= Binding off =

Knitting technique

In knitting, binding off, or casting off, is a family of techniques for ending a column (a wale) of stitches. Binding off is typically used to define the final (usually upper, taking the cast on edge as the lower) edge of a knitted fabric, although it may also be used in other contexts, e.g., in making button holes. In principle, binding off is the opposite of casting on, but the techniques are generally not mirror images of one another. Sometimes, however, they can produce a mirror image appearance.

==Techniques==

Binding/casting off generally involves passing the final loop of a wale over the loop of an adjacent stitch. Techniques differ, however, in how this is done:

- Simple bind/cast off
  Involves simply passing each loop over an adjacent stitch. (The yarn is passed through the final loop to secure the whole chain.) This technique produces a tight edge with little elasticity. Its advantages are that
1. it does not flare as many bound/cast-off edges do;
2. it will retain its length, even under tension (good for shoulder seams);
3. it does not require that the knitting yarn be nearby;
4. it can be done in any direction.

- Knit bind/cast off
  Involves knitting each loop before passing it over the next loop. The start is made by knitting two stitches as normal, then pulling the first knitted stitch on the right needle over the second knitted stitch on the right needle, knitting the next stitch on the left needle, and continuing to the end. This can be done tightly or loosely, depending on the tension of the knitter. To ensure that the bind/cast-off edge is loose, one method is to use a needle at least two sizes larger than the project needle size.

- Purl bind/cast off
  Involves purling each loop before passing it over the next loop. This is simply the purl version of the knit bind/cast off. This can also be in patterns, such as a rib pattern.

- Decrease bind/cast off
  Involves iterative decreases, e.g., "k2tog, return loop to left needle".

- Sewn bind/cast off
  This involves the use of a tapestry needle with an extremely long tail of the yarn. Using this long tail, pull the needle through two front loops as if to purl, then back through the first stitch as if to knit. Drop the first stitch off. Repeat to the end. There are several variations, but this is the most well-known.

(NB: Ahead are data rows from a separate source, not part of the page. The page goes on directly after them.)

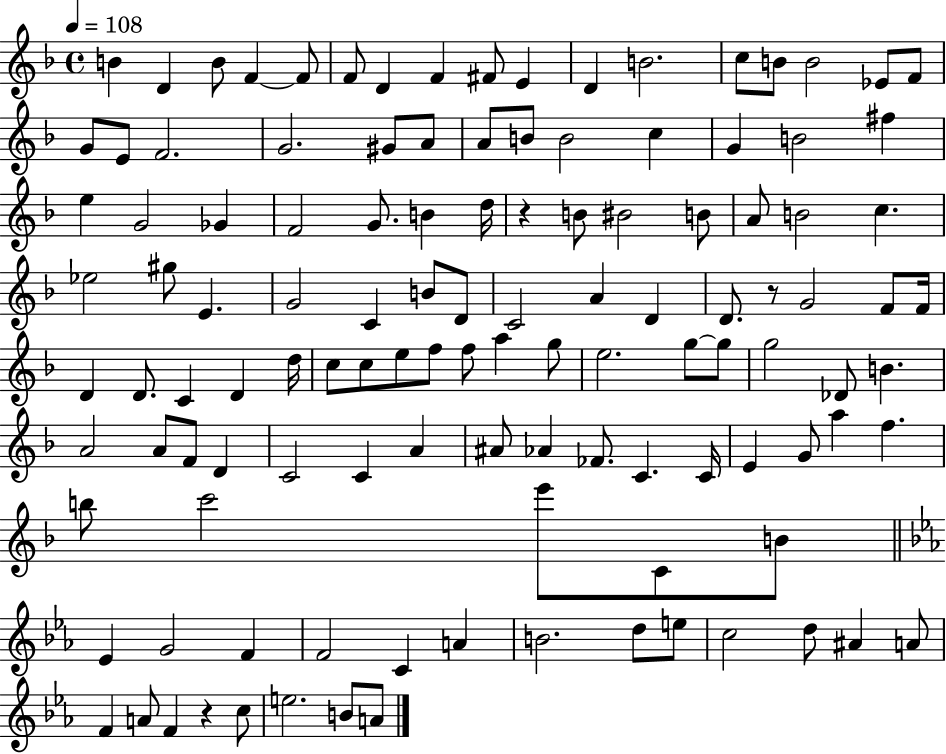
X:1
T:Untitled
M:4/4
L:1/4
K:F
B D B/2 F F/2 F/2 D F ^F/2 E D B2 c/2 B/2 B2 _E/2 F/2 G/2 E/2 F2 G2 ^G/2 A/2 A/2 B/2 B2 c G B2 ^f e G2 _G F2 G/2 B d/4 z B/2 ^B2 B/2 A/2 B2 c _e2 ^g/2 E G2 C B/2 D/2 C2 A D D/2 z/2 G2 F/2 F/4 D D/2 C D d/4 c/2 c/2 e/2 f/2 f/2 a g/2 e2 g/2 g/2 g2 _D/2 B A2 A/2 F/2 D C2 C A ^A/2 _A _F/2 C C/4 E G/2 a f b/2 c'2 e'/2 C/2 B/2 _E G2 F F2 C A B2 d/2 e/2 c2 d/2 ^A A/2 F A/2 F z c/2 e2 B/2 A/2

- Three needle bind/cast off
  This bind/cast off is used for joining two pieces of knitting, such as the front and back of a sweater by binding/casting off their stitches together to create a seam. For this bind/cast off, the two needles (in the case of a sweater, each may hold the shoulder stitches) are held parallel with the right sides of the knitting facing each other. Binding/casting off as with the knit bind/cast off, each stitch is the result of knitting together one stitch from each needle (i.e. pass needle through first stitch of first needle, first stitch of second needle, wrap yarn, pull through, and drop both stitches)

- Tubular bind/cast off
  A stretchy bind/cast off used on a ribbed edge; most helpful for sock and neckline edges.

- Yarn-over bind/cast off
  A simple method used to create a stretchy bind/cast-off edge on various stitch patterns, including all types of ribbing. It is particularly well-suited for finishing toe-up socks, cuffs, and necklines. The edge is formed by making a regular yarn over before purling a stitch and a reverse yarn over before knitting a stitch. After each stitch is purled or knitted, both the yarn over and the preceding stitch are passed over the newest stitch on the right-hand needle and off the needles.